Extensive studies into the structural engineering of houses have been made by various private and government agencies. One government report, Strength of Houses, maintains:
Houses have never been designed like engineering structures. Since prehistoric times, safe house construction has been found by the tedious and wasteful method of trial and error. If the modern research that has proven so successful in the solution of other problems had been applied to houses, not only would homes be more satisfactory as dwellings but, much more important, the cost would be much less. This would be an outstanding contribution to the problem of providing acceptable houses for the low-income groups in this country.
Note the lack of engineering approach in house-building practice today. It is customary to assume that walls, floor, and roof contribute nothing to the strength of the building! All loads are supposed to be carried independently by the frame. And all stresses and loads are analyzed separately for each structural component! Design loads are calculated for compression, traverse, impact, and racking on walls, floor, and roof. Dead loads (gravity weight of construction) are added to live loads (objects or persons on the floor). To these the builder must add calculated wind, water, and snow loads. Then, to complicate matters more, the builder must be acquainted with the strength of various materials and fastening methods; the modules of elasticity, stress, shear, and deflection for each independent member, as well as for the effective cross-sectional area, grade, and species of each variety of material used!
In the engineering approach the usual building practice of analyzing each structural component separately is replaced by a consideration of integrated structural effect; and a deliberate attempt is made to have the foundation and roof function as extensions of the wall — to eliminate the separation of function between wall and roof, floor and foundation.
A structural system has only four basic forces to overcome; compression, tension, bending, and shear. Bending occurs when a weight or force is placed at a distance from a support. Shear, in mechanics, means a thrust outward at right angles to the stress. With these basic structural reactions in mind, various framing systems can be evaluated and compared in relation to strength per unit of material and of time expended in fabrication. Wood was inefficiently used, of course, by early settlers in building cabins of massive logs cut from trees. Later, with the advent of power-driven sawmills, wood-frames having lighter members were developed and less wood was required. The post-and-girder structural system provided a transition between the log cabin and the currently employed vertical-stud-wall system of construction, which in some ways, however, marks a decline from the post-and-girder design.

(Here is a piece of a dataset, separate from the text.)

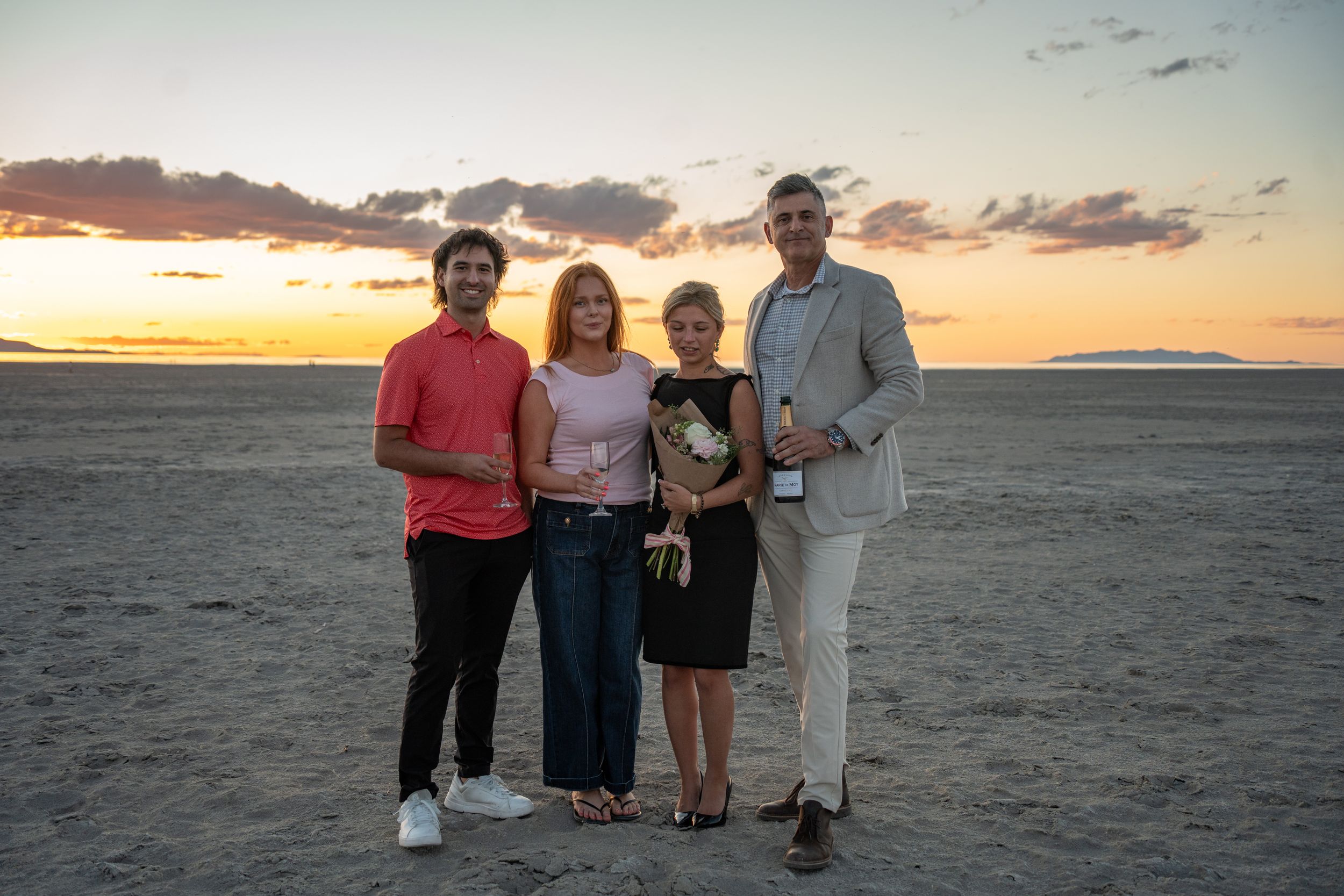 couple poses with their friends who helped with their proposal on salt flats of great saltair with champagne and flowers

The Balloon Frame which employs vertical studs in an old-fashioned box-type house is still often used in a 2-story building. With ceiling joists supported on a ribband board let into the studs, it becomes possible to extend the studs unbroken to full building height. Platform-framing has almost entirely replaced balloon-framing on single story structures, especially a platform consisting of subflooring over joists supporting a stud wall. The wall, in turn, carries the roof-and-ceiling construction. Platform-framing lends itself especially well to panelized and tilt-up construction. In the tilt-up system the wall may be framed to any degree desirable on the ground and then tilted upward into place, braced, and fastened.
A major disadvantage of stud-wall construction is that it is prone to fire, since the rate of burning depends on the ratio of surface area to volume of timber. The use of many wood members makes stud construction fast-burning. The type of wood-structure that uses heavier and fewer pieces is better from a fire safety standpoint.
The Plank and Beam structural system is becoming more and more popular with home builders. It has many advantages, including resistance to fire. The National Lumber Manufacturers Association made a detailed study comparing relative costs of plank-and-beam construction with conventional construction, since there are fewer pieces to handle and the members used combine structural function with finish.
Beams covered with standard 2-inch decking may be spaced as far as 8 feet apart. A structural feature worth mentioning here is that, for the same evenly distributed load, the plank that is continuous over two spans is nearly two and one-half times as stiff (or rigid) as the plank that extends over a single span.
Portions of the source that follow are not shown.